Start of Given data
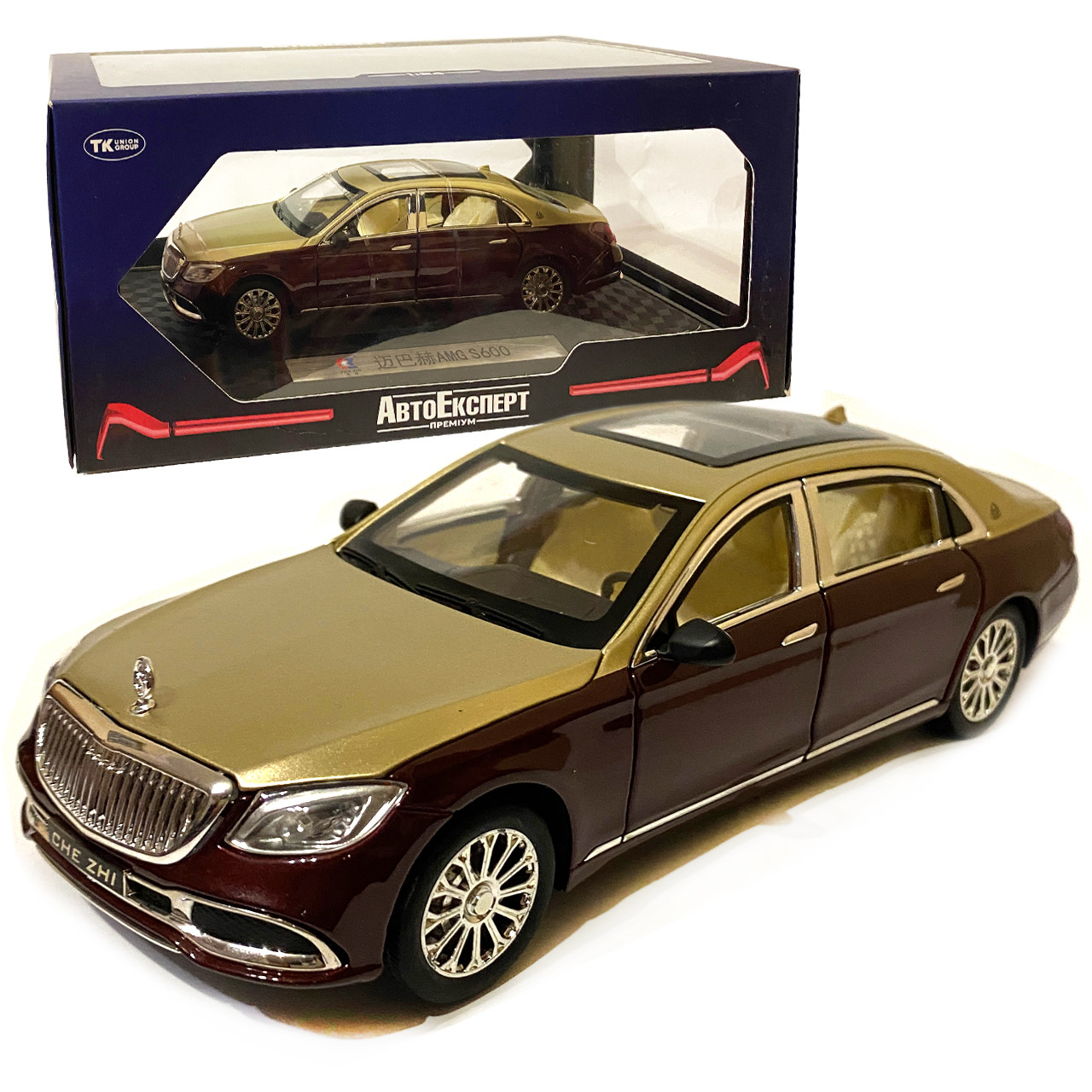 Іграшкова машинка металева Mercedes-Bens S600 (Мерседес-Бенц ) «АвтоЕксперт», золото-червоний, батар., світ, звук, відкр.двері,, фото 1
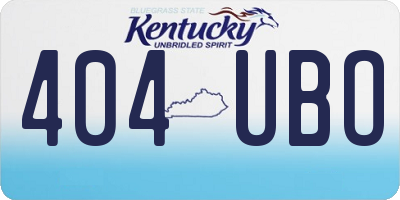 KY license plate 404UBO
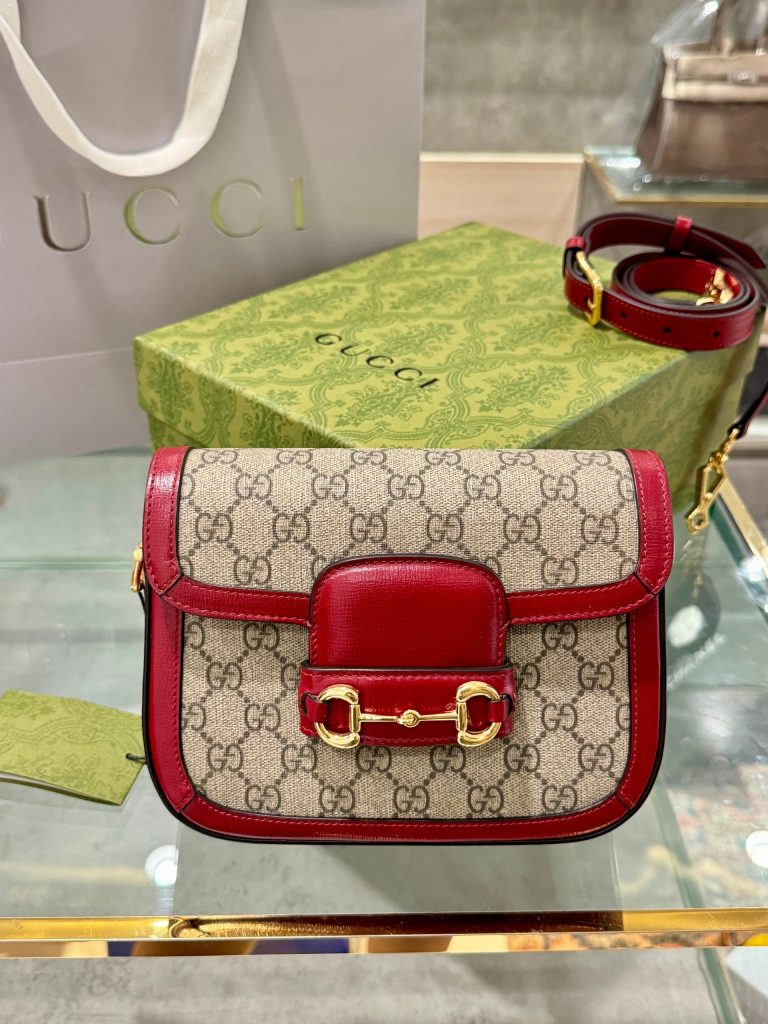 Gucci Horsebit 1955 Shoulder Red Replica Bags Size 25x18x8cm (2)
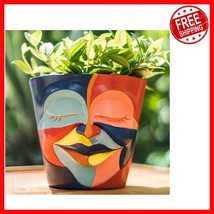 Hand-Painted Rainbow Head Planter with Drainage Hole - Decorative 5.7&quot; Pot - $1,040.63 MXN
End of Given data
* What the exercise asks
Output precisely the lines in the material above from the line containing "KY license plate 404UBO" through its last line, and omit pictures.

* Answer section
 KY license plate 404UBO
 Gucci Horsebit 1955 Shoulder Red Replica Bags Size 25x18x8cm (2)
 Hand-Painted Rainbow Head Planter with Drainage Hole - Decorative 5.7&quot; Pot - $1,040.63 MXN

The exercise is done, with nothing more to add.